Access to knowledge, first in medicine, then in building a product for doctors to access
the latest medical literature, and then in supporting entrepreneurs as they were building
healthcare tools.
But OpenAI has the type of technology that can do that at scale for the entire ecosystem
all at once, help patients, help healthcare professionals.
and help incredible entrepreneurs who are building for all of the corners and edge cases
and tough challenges that exist in each area of the health market.
What is the strategy here?
We know that people use chatbots all the time now for medical questions,
but it seems like you're building and working towards something bigger and more comprehensive,
not just for the patient side, but the clinician side.
Because you talk about what your goals are?
Patients are increasingly turning to tools like chat.

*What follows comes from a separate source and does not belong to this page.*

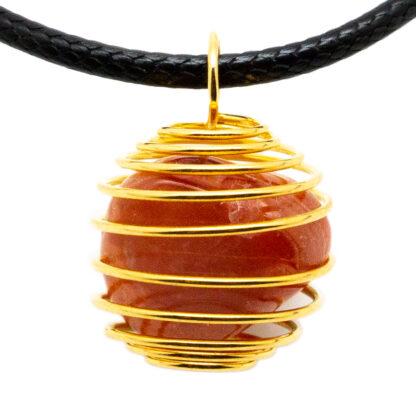 Carnelian Caged Pendant (15mm) - Image 5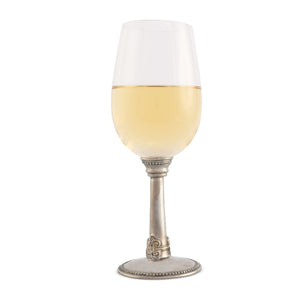 Vagabond House Medici Living White - 8.75" H 12.25 oz Medici Stemware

GPT throughout the year. In fact, 900 million people now use chat GPT per week. And if you look at how many are
doing health-related queries, it's about one and four in a given week. So that's 40 million people
per day. And so our strategy in health is as much proactive as it is reactive and stepping
up to the responsibility and the opportunity to do good that comes with that strong
consumer demand. And so with chat GPT Health, we have created a space to keep these conversations
not just secure, but empowered. So when I say secure, of course, encrypted with this essentially
one-way valve protecting your conversations. So these extra security layers, these protections
to make sure that we will never train on users' health care data, combined with empowerment,
really. You know, search engines that people have used before to navigate health have amnesia.
You know, they're one-size-fits-all. And I think context really matters in health care. And so
building a series of features and technology hooks to help patients bring in their own context that they
choose to so that each time they choose to engage with AI, it's grounded in their own context, is a key reason.
why we've built this chat GPT for health foundation. So I understand the safeguards you put in place
to keep the data separate and to make sure that you don't get leaked between there and to be able to,
you know, undergo a very rigorous method of making sure that your data secure. But when it comes to
the model itself, what comes into training models that are capable of working with something like
healthcare? It's kind of like the most important thing in the world. For sure. It's a high-stakes
domain and because of the use that people are doing, it's super important that we get it right.
So we think a lot about a few things when we think about evaluation and training for health care.
And this is actually the foundation for the work at health at OpenAI.
When we were first starting to work on the health effort at OpenAI, we were thinking a lot about the safety and grounding motivation as an important part of what we were doing.
And so part of the thesis actually for starting work on health at Open AI was thinking, this is an excellent way to ground our work in safety and alignment and provide kind of concrete incentives and feedback loop for researchers who think about this problem.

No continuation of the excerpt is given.